La considération décisive à cet égard est qu’en l’état actuel du droit de l’Union, il y aurait autrement une lacune dans la protection des droits fondamentaux lors de l’application des droits fondamentaux du droit de l’Union par les juridictions ordinaires, car il n’existe pas de possibilité pour l’individu de contester directement devant la Cour de justice de l’Union européenne une violation des droits fondamentaux du droit de l’Union par une juridiction ordinaire d’un État membre. Contrairement au droit allemand, le droit de l’Union ne connaît pas de recours constitutionnel. Cette lacune n’est pas non plus palliée de manière satisfaisante par le contrôle que la Cour constitutionnelle fédérale exerce déjà en ce qui concerne le respect par les juridictions ordinaires de leur obligation de saisir la Cour de justice de l’Union européenne à titre préjudiciel.

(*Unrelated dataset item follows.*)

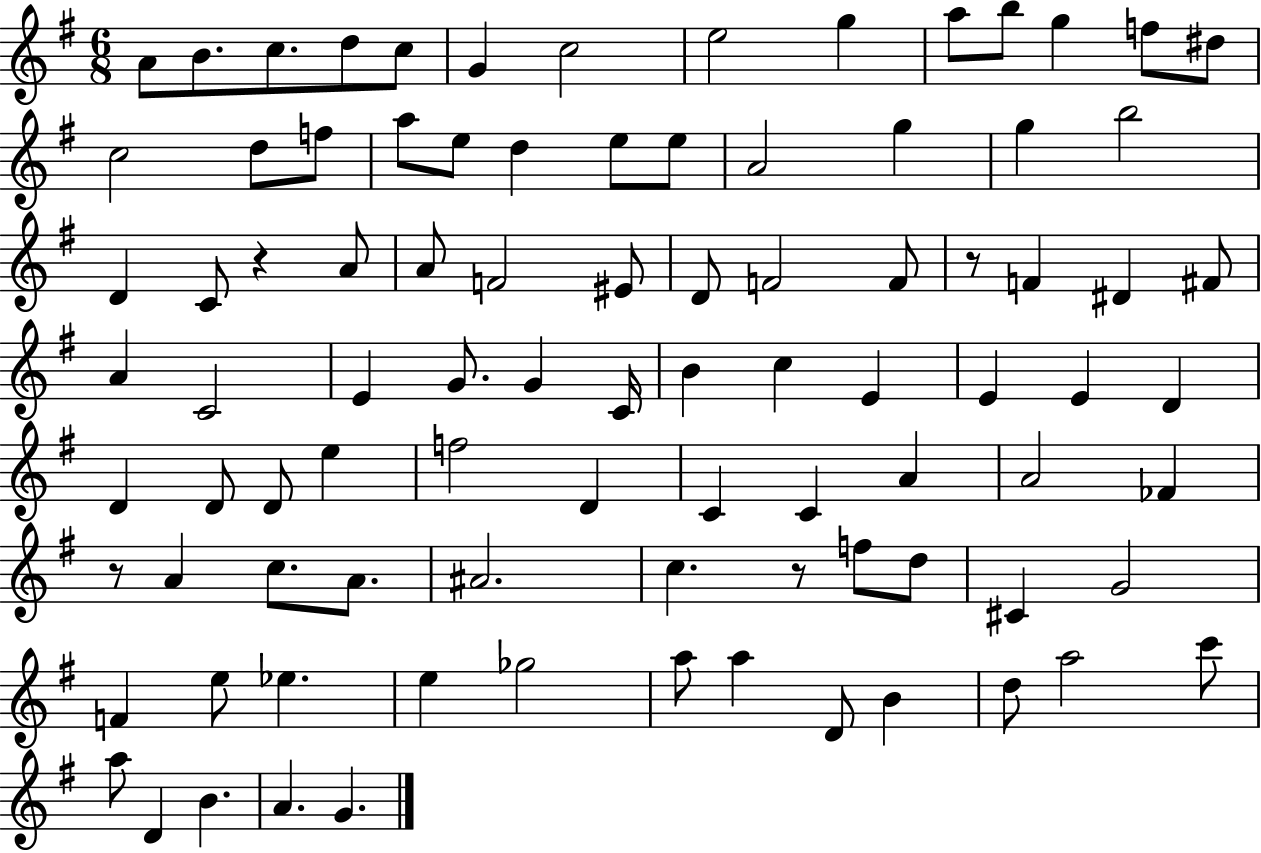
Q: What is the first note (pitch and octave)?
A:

4. Dans la mesure où la Cour constitutionnelle fédérale procède à un contrôle à l’aune des droits fondamentaux de la Charte, elle opère ce contrôle en étroite coopération avec la Cour de justice de l’Union européenne, car c’est à cette dernière qu’appartient la compétence pour une interprétation finale du droit de l’Union et donc également de la Charte des droits fondamentaux. Dans la mesure où la Cour de justice n’a pas déjà précisé l’interprétation à donner à ces droits ou lorsque les principes d’interprétation à appliquer ne s’imposent pas avec évidence – par exemple sur le fondement de la jurisprudence de la Cour européenne des droits de l’homme –, la Cour constitutionnelle fédérale procède à un renvoi préjudiciel sur le fondement de l’article 267, paragraphe 3, TFUE. La question de savoir si les juridictions ordinaires, dans la mesure où elles constituent la juridiction de dernière instance de leur ordre de juridiction respectif, demeurent elles aussi liées par cette obligation de renvoi préjudiciel, n’avait pas à être tranchée dans la présente affaire.

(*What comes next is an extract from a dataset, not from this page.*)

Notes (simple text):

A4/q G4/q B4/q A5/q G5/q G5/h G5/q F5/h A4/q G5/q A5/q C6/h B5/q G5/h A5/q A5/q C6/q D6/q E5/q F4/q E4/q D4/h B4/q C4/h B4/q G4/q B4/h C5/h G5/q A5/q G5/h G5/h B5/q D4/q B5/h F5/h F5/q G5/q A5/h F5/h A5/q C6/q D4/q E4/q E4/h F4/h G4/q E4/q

5. Il résulte des deux arrêts du premier sénat publiés aujourd’hui, « droit à l’oubli I » et « droit à l’oubli II », que la question de déterminer les droits fondamentaux applicables – ceux consacrés par la Loi fondamentale ou ceux garantis par la Charte – dépend dans une large mesure de la distinction entre droit de l’Union entièrement harmonisé et droit de l’Union laissant une marge d’action aux États membres. Cette question est déterminée par une interprétation du droit de l’Union ordinaire concerné, et elle ne peut être tranchée en ayant recours à la délimitation utilisée en droit allemand qui distingue entre « notions de droit indéterminées » (unbestimmte Rechtsbegriffe) et « discrétion » (Ermessen), une distinction à laquelle le droit de l’Union ne procède pas de la même manière que le droit allemand. Il convient plutôt d’examiner la norme concernée du droit de l’Union et de s’interroger si elle vise ou non à permettre certaines divergences des jugements.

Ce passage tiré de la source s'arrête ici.